(Crawled caption data)
-- Opening Marker --

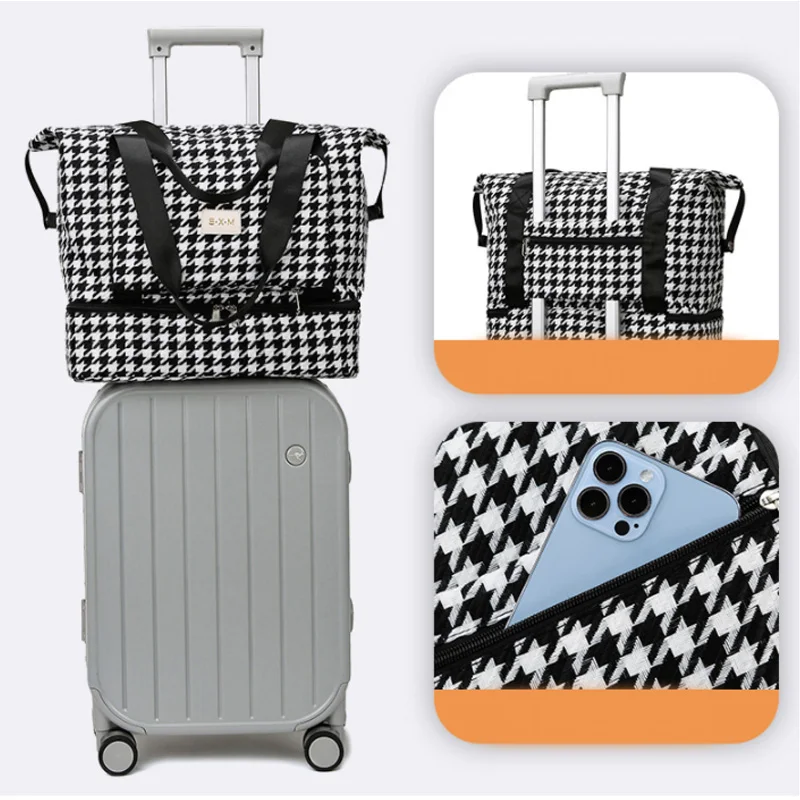 2022 Nylon Foldable Travel Bags Unisex Large Capacity Bag Luggage Women WaterProof Handbags Wet And Dry Separation Bag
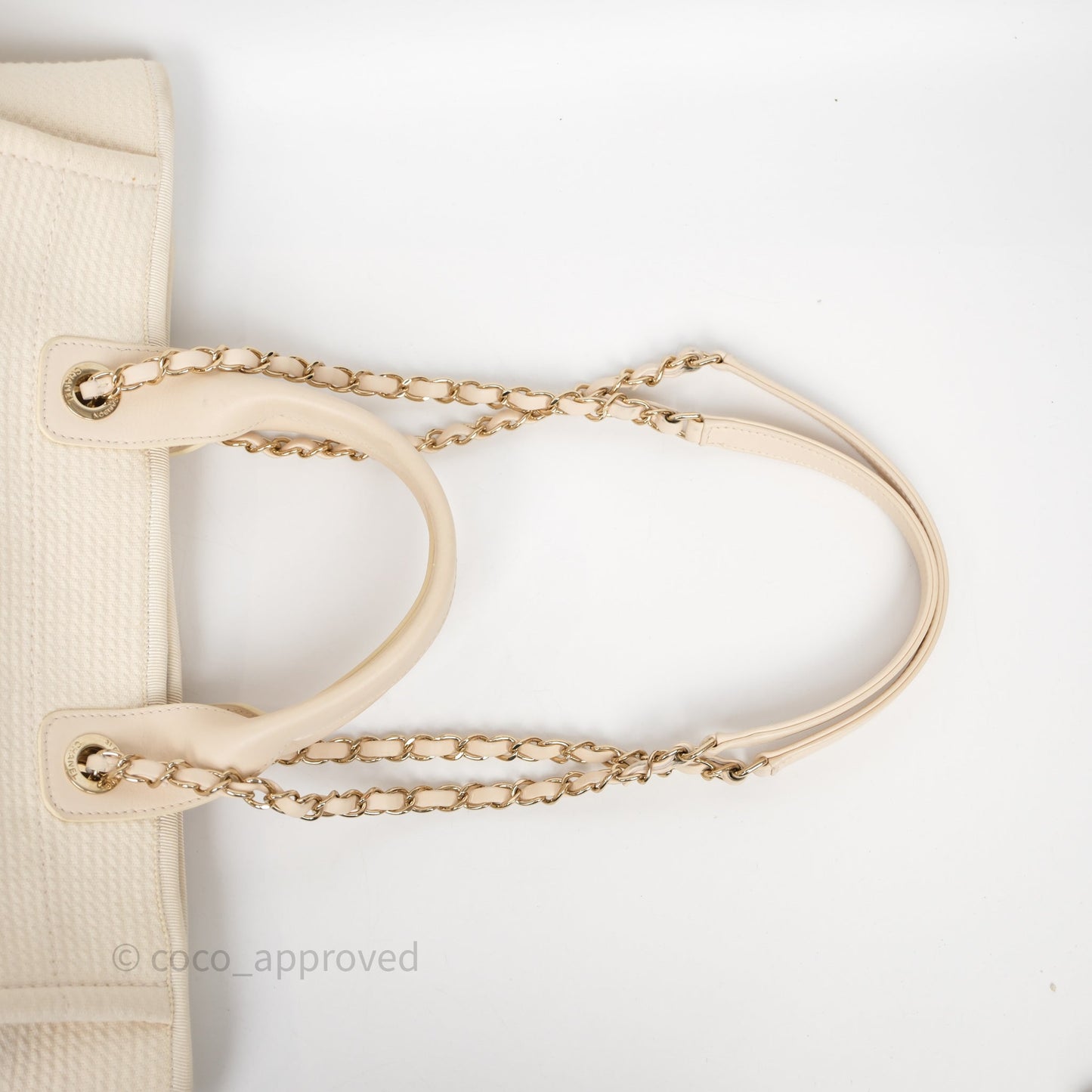 Chanel New Small Deauville Cream Ivory Canvas Light Gold Hardware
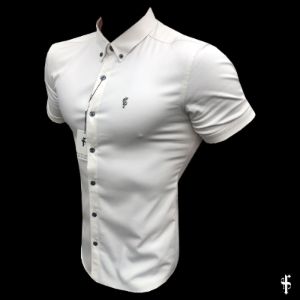 Father Sons Super Slim Stretch Cream Denim Short Sleeve with Metal Decal Emblem - FS645 sold by Father Sons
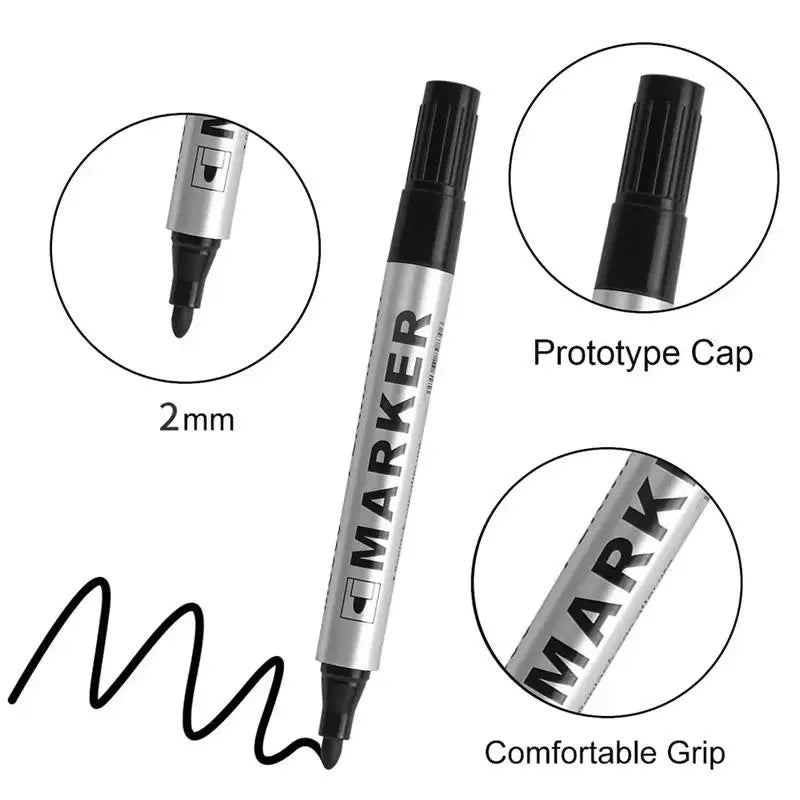 Black Permanent Paint Marker Pen Fine Nib Waterproof Smudge Proof Art Qme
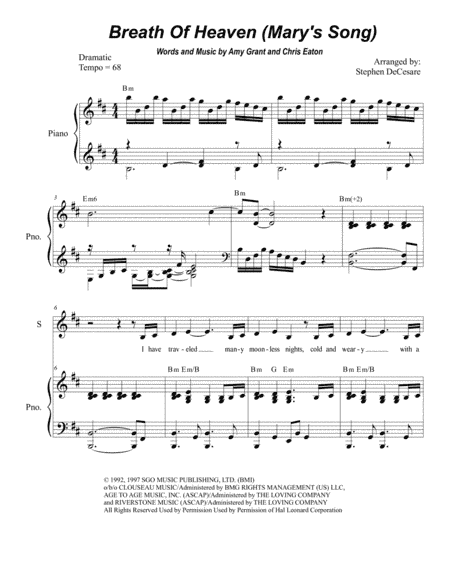 Breath Of Heaven (Mary's Song) (arr. Stephen DeCesare)
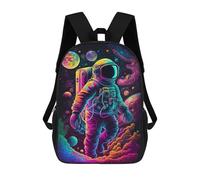 sinyumoney Neon Astronaut in Space Kids Backpack, Backpack School Bag, Backpacks Kids School 3D Printed School Bags for Elementary And Middle School Students Teens Birthday Gift 17inch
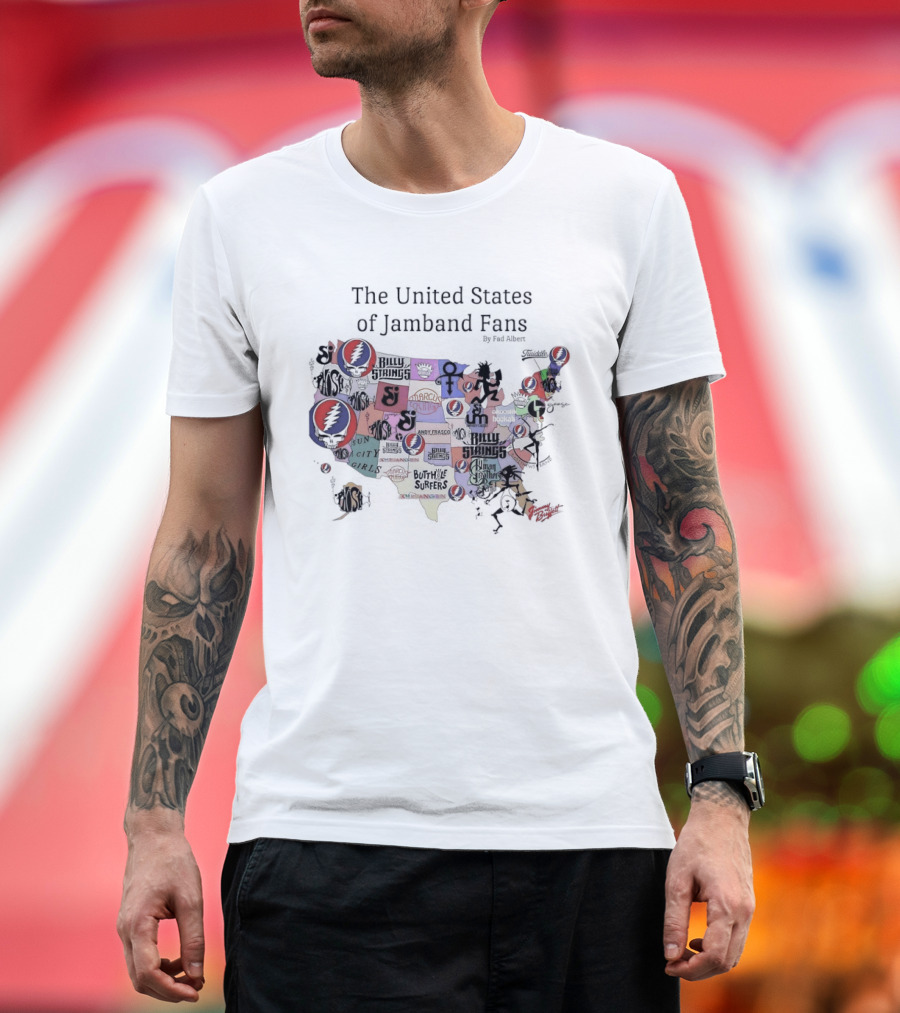 The United States of Jamband Fans State Map Peeking Characters T-Shirt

-- Closing Marker --

## Goal of the exercise
Starting at the line that contains "Black Permanent Paint", retype each line through the end of the data exactly, and leave out every picture.

## Solution for this task
 Black Permanent Paint Marker Pen Fine Nib Waterproof Smudge Proof Art Qme
 Breath Of Heaven (Mary's Song) (arr. Stephen DeCesare)
 sinyumoney Neon Astronaut in Space Kids Backpack, Backpack School Bag, Backpacks Kids School 3D Printed School Bags for Elementary And Middle School Students Teens Birthday Gift 17inch
 The United States of Jamband Fans State Map Peeking Characters T-Shirt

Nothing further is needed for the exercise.